## Exercise inputs
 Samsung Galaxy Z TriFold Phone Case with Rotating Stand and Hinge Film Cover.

...

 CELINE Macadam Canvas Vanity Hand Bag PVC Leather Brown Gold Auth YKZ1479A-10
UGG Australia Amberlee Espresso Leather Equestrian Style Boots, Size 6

## What is being asked
Your task is to return each line of the data above that contains the string "Leather".

## Response
 CELINE Macadam Canvas Vanity Hand Bag PVC Leather Brown Gold Auth YKZ1479A-10
UGG Australia Amberlee Espresso Leather Equestrian Style Boots, Size 6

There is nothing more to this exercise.